EXERCISE DIRECTIONS: Pictures should not appear in the copy; the records themselves must be written out exactly.

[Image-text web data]
::::::

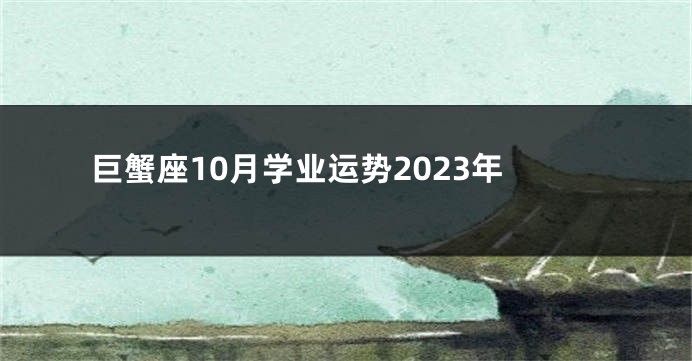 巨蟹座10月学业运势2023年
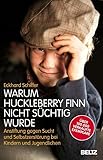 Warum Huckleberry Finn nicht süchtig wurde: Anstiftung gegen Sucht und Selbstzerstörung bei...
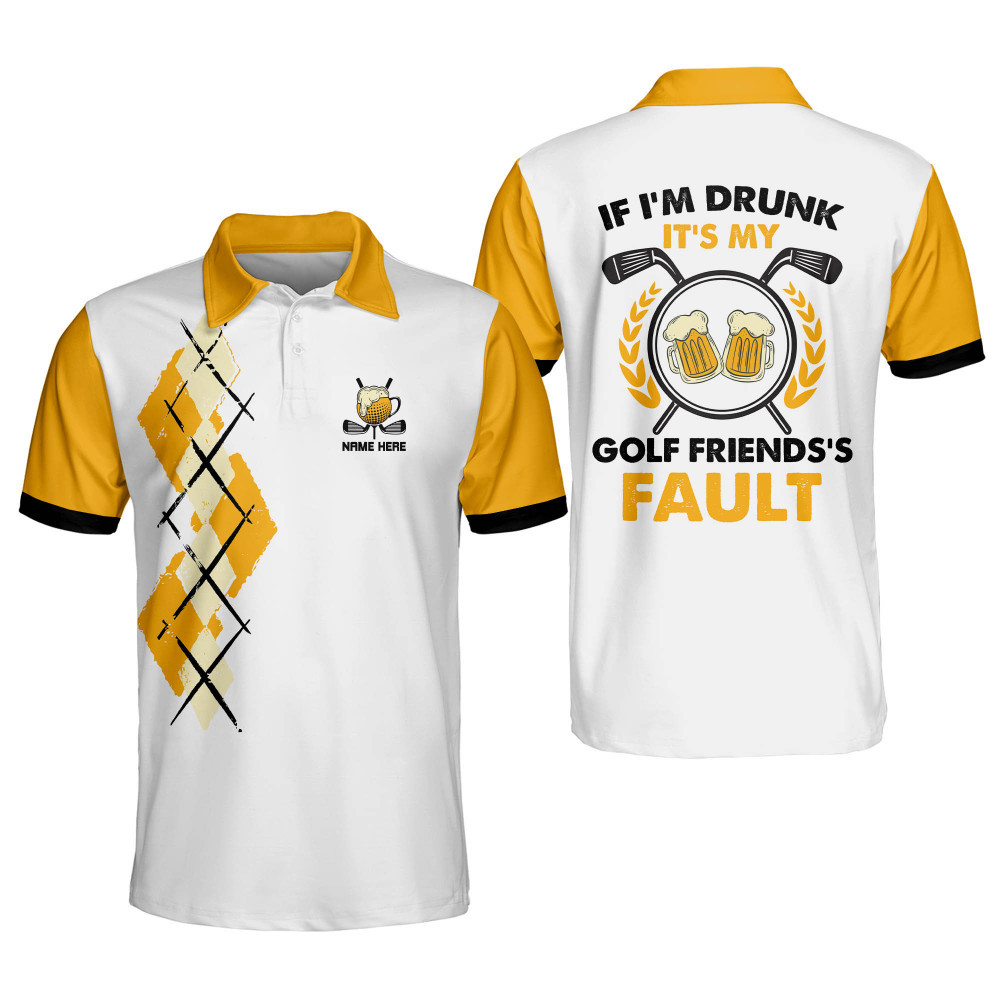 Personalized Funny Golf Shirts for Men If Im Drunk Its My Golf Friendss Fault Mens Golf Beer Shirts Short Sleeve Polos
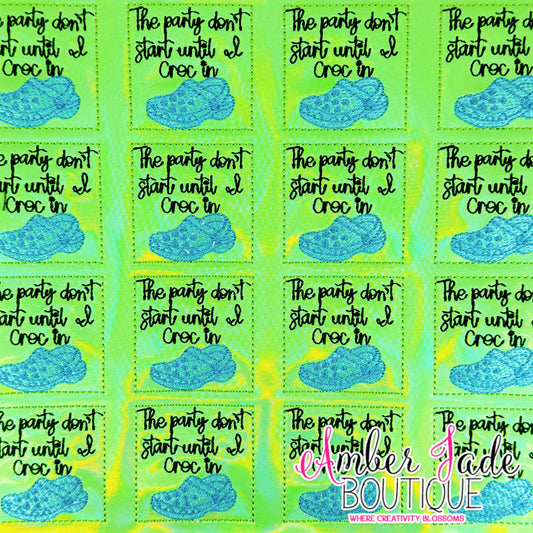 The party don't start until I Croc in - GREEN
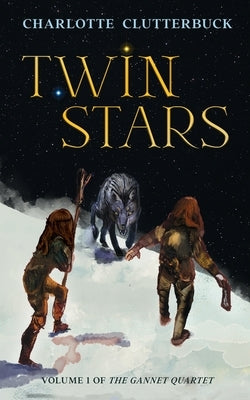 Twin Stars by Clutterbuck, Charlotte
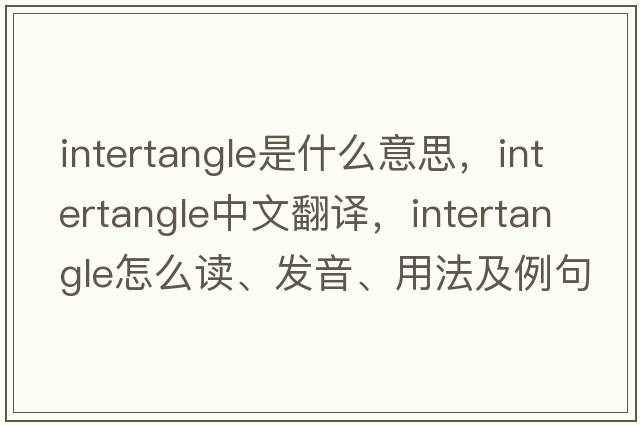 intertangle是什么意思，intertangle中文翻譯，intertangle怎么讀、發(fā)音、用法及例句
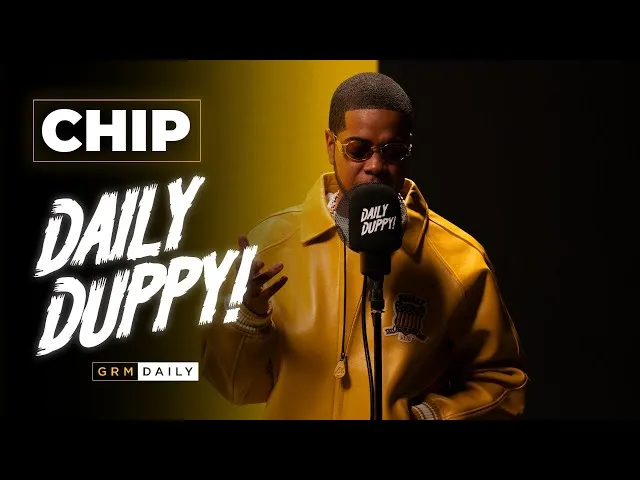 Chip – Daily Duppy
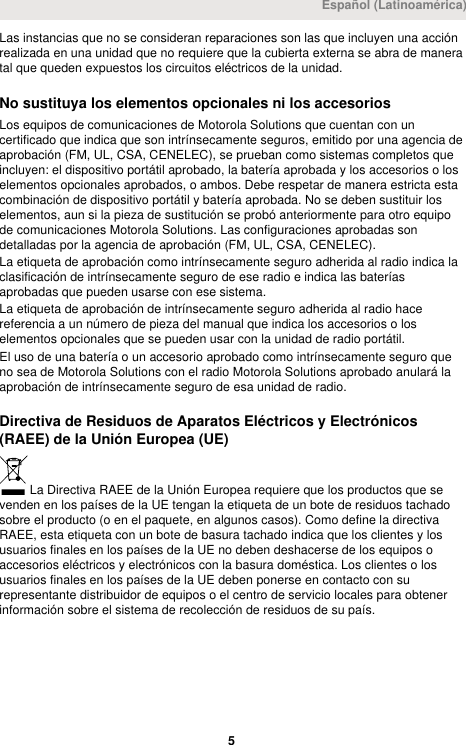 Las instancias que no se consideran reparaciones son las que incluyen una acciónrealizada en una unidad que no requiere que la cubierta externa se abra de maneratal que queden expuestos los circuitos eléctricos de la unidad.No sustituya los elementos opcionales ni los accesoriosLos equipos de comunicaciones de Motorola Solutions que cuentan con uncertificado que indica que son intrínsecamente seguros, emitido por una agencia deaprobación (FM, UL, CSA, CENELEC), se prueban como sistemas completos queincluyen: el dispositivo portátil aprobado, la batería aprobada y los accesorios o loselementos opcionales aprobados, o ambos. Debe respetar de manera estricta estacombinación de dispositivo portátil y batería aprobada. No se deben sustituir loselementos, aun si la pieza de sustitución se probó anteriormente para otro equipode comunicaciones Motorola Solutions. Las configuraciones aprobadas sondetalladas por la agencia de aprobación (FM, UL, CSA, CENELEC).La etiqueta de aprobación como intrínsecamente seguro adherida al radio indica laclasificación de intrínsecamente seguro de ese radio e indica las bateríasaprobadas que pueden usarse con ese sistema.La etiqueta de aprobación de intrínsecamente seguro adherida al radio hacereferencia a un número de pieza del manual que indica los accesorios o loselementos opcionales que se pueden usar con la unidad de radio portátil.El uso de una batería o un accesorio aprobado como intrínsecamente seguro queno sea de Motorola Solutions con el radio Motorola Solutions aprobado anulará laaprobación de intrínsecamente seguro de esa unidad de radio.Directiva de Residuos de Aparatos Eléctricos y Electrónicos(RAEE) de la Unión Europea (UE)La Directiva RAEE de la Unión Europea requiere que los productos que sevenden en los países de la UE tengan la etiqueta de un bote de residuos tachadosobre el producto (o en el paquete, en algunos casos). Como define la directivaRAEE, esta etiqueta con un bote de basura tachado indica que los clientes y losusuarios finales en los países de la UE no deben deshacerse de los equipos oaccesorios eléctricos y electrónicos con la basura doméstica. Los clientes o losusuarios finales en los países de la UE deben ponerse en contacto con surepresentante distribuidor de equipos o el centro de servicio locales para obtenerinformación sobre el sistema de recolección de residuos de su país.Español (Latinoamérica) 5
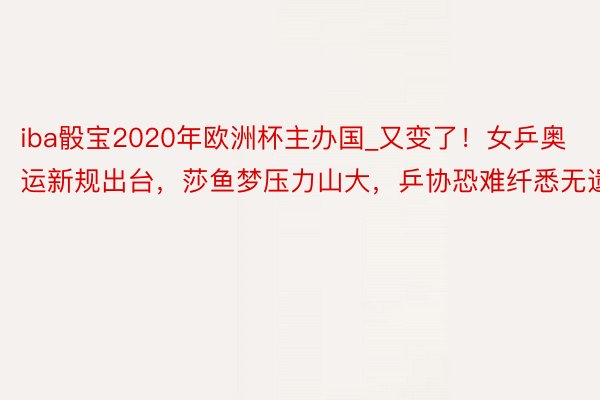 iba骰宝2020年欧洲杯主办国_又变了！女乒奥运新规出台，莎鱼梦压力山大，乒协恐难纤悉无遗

::::::

RESPONSE FOR THIS EXERCISE:
 巨蟹座10月学业运势2023年
 Warum Huckleberry Finn nicht süchtig wurde: Anstiftung gegen Sucht und Selbstzerstörung bei...
 Personalized Funny Golf Shirts for Men If Im Drunk Its My Golf Friendss Fault Mens Golf Beer Shirts Short Sleeve Polos
 The party don't start until I Croc in - GREEN
 Twin Stars by Clutterbuck, Charlotte
 intertangle是什么意思，intertangle中文翻譯，intertangle怎么讀、發(fā)音、用法及例句
 Chip – Daily Duppy
 Las instancias que no se consideran reparaciones son las que incluyen una acciónrealizada en una unidad que no requiere que la cubierta externa se abra de maneratal que queden expuestos los circuitos eléctricos de la unidad.No sustituya los elementos opcionales ni los accesoriosLos equipos de comunicaciones de Motorola Solutions que cuentan con uncertificado que indica que son intrínsecamente seguros, emitido por una agencia deaprobación (FM, UL, CSA, CENELEC), se prueban como sistemas completos queincluyen: el dispositivo portátil aprobado, la batería aprobada y los accesorios o loselementos opcionales aprobados, o ambos. Debe respetar de manera estricta estacombinación de dispositivo portátil y batería aprobada. No se deben sustituir loselementos, aun si la pieza de sustitución se probó anteriormente para otro equipode comunicaciones Motorola Solutions. Las configuraciones aprobadas sondetalladas por la agencia de aprobación (FM, UL, CSA, CENELEC).La etiqueta de aprobación como intrínsecamente seguro adherida al radio indica laclasificación de intrínsecamente seguro de ese radio e indica las bateríasaprobadas que pueden usarse con ese sistema.La etiqueta de aprobación de intrínsecamente seguro adherida al radio hacereferencia a un número de pieza del manual que indica los accesorios o loselementos opcionales que se pueden usar con la unidad de radio portátil.El uso de una batería o un accesorio aprobado como intrínsecamente seguro queno sea de Motorola Solutions con el radio Motorola Solutions aprobado anulará laaprobación de intrínsecamente seguro de esa unidad de radio.Directiva de Residuos de Aparatos Eléctricos y Electrónicos(RAEE) de la Unión Europea (UE)La Directiva RAEE de la Unión Europea requiere que los productos que sevenden en los países de la UE tengan la etiqueta de un bote de residuos tachadosobre el producto (o en el paquete, en algunos casos). Como define la directivaRAEE, esta etiqueta con un bote de basura tachado indica que los clientes y losusuarios finales en los países de la UE no deben deshacerse de los equipos oaccesorios eléctricos y electrónicos con la basura doméstica. Los clientes o losusuarios finales en los países de la UE deben ponerse en contacto con surepresentante distribuidor de equipos o el centro de servicio locales para obtenerinformación sobre el sistema de recolección de residuos de su país.Español (Latinoamérica) 5
 iba骰宝2020年欧洲杯主办国_又变了！女乒奥运新规出台，莎鱼梦压力山大，乒协恐难纤悉无遗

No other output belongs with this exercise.